The use of a VAS was briefly described earlier in the introduction of the ADPI (Joore et al., 2002). Measuring utility with a VAS or a “feeling thermometer” has the advantage of simplicity. A person is simply required to rate his or her perceived health state on a scale marked with 0 at one end, representing death or some least desirable state, and 100 at the other end, representing perfect health or a most desirable state.
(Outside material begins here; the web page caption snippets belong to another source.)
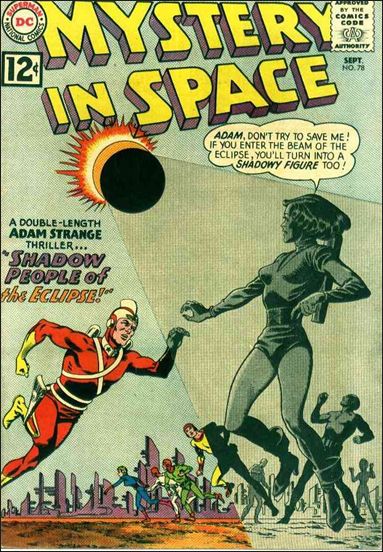 Mystery in Space (1951) issue 78
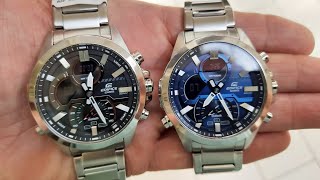 Casio Edifice ECB30D1AEF ECB30D2AEF [upl. by Schacker]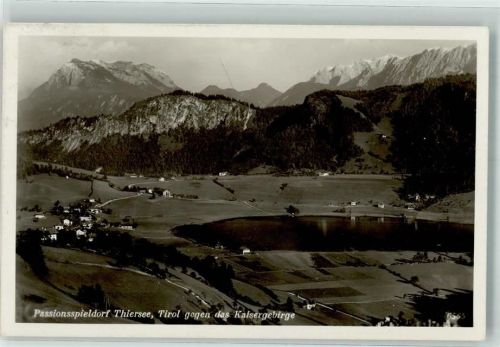 Hinterthiersee 1940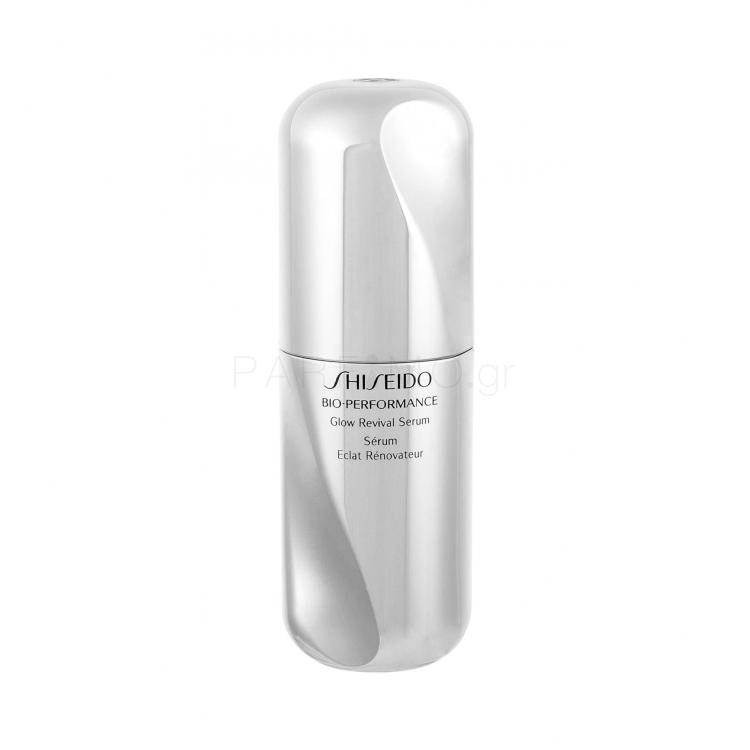 Shiseido Bio-Performance Glow Revival Serum Ορός προσώπου για γυναίκες 30 ml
Disease-Specific Utilities

Disease-specific utilities are a relatively new approach to measuring HRQoL (Drummond et al., 2005). They combine the benefits of a generic utility measurement—the ability to generate a single preference rating—with the advantage of a disease-specific measure that is more sensitive to the disorder or intervention under study. The techniques used to measure utilities for specific diseases are no different from those previously described (SG, TTO, VAS) with the exception that the choices or “anchors” describe the extremes of a specific disorder, rather than perfect health or death. For example, instead of asking the patient to choose between living a normal life span in his or her present health state or a shortened life span in perfect health, the TTO may be worded in such a way as to require the patient to choose between living a normal life span with his or her current hearing loss or living a shortened life span with perfect hearing. Examples of disease-specific utility studies include those examining the HRQoL impact of prostate cancer (Saigal, Gornbein, Reid, & Litwin, 2002), schizophrenia (Lenert, Rupnow, & Elnitsky, 2005), and hearing aid use (Kenworthy, 2002; Piccirillo, Merritt, Valente, Littenberg, & Nease, 1997).